10 Things I’ve Learnt about NYC Since Moving Here

I spoke about my move to New York in this post and though I’ve not been living here that long yet, there are plenty of things I’m learning about NYC since moving here!

Times Square

10 Things I’ve Learnt about NYC since Moving Here:

1: Food is expensive. Like, for real.

Eating out in New York seems to cost slightly more than dining out in London but grocery shopping is where it gets really expensive. I have spotted PG Tips for $13, celery for $11 and smoked salmon for $14 which, when the GBP is so weak against the dollar, means very bad news for our bank account. It doesn’t help that we live in lower Manhattan where our main ‘supermarket’ is a Whole Foods either! I have heard that there may be cheaper shops in Brooklyn and that Trader Joe’s can be cheaper, so here’s hoping…

2: You can’t get wine from a supermarket.

The word supermarket is a bit misleading, as there doesn’t really seem to be the equivalent of a Tesco or Asda in Manhattan. However, most shops you visit will only sell alcohol-free wine or wine with a really low %, due to licensing laws.
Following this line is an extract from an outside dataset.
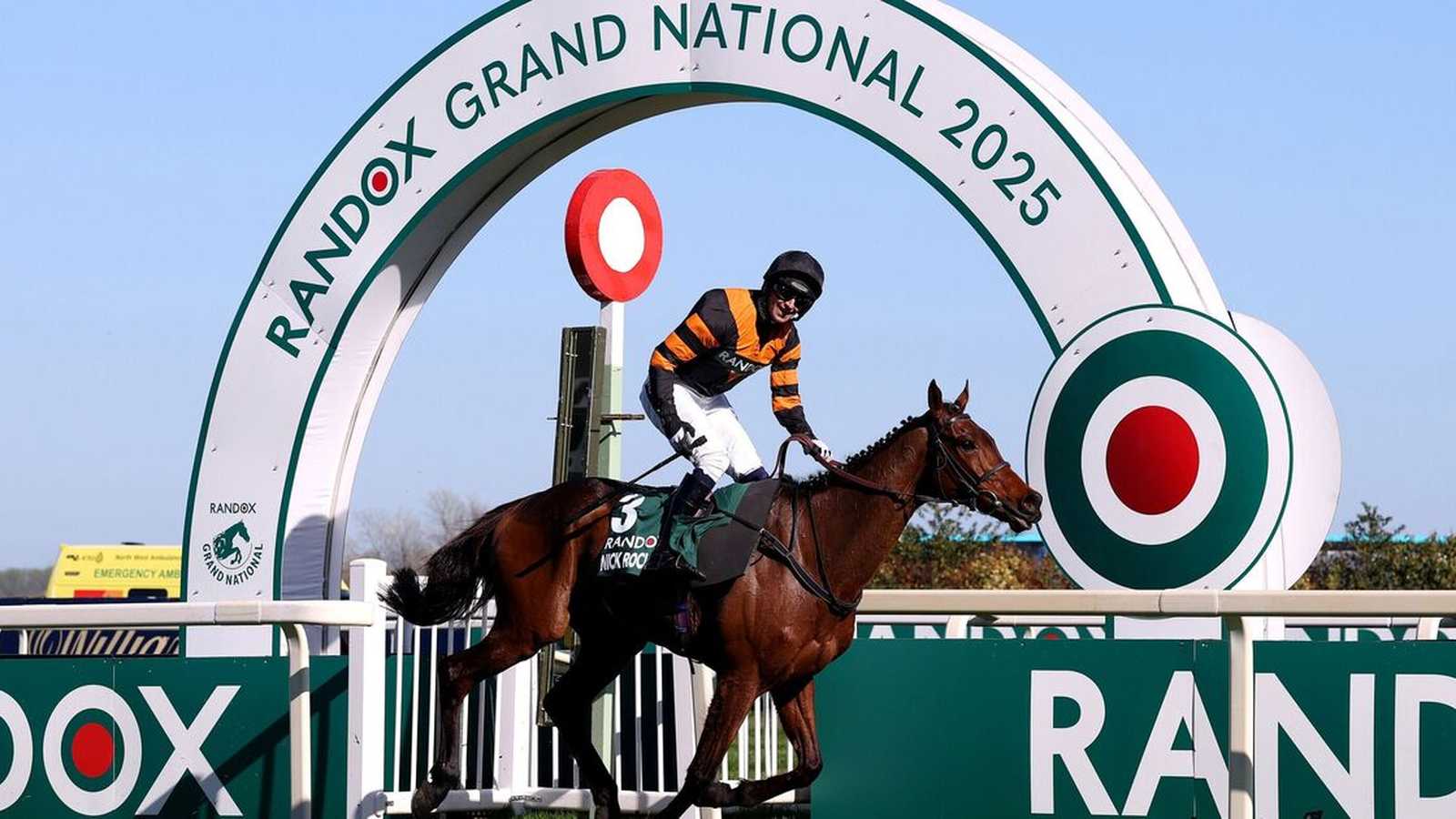 Racehorses jumping at Aintree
To get your Pinot fix, you have to head to a dedicated liquor store, where most bottles start from the $10 mark.

3: There are lots of foods called very different things.

Arugula, anyone? That would be rocket my friend. Flava bean? Also known as a broad bean to you and me. Eggplant, yams and zucchini? You’d be looking at aubergine, sweet potato and courgette. Turns out there are lots of food named differently stateside, more so than just french fries for chips!

4: The customer service is much better than London.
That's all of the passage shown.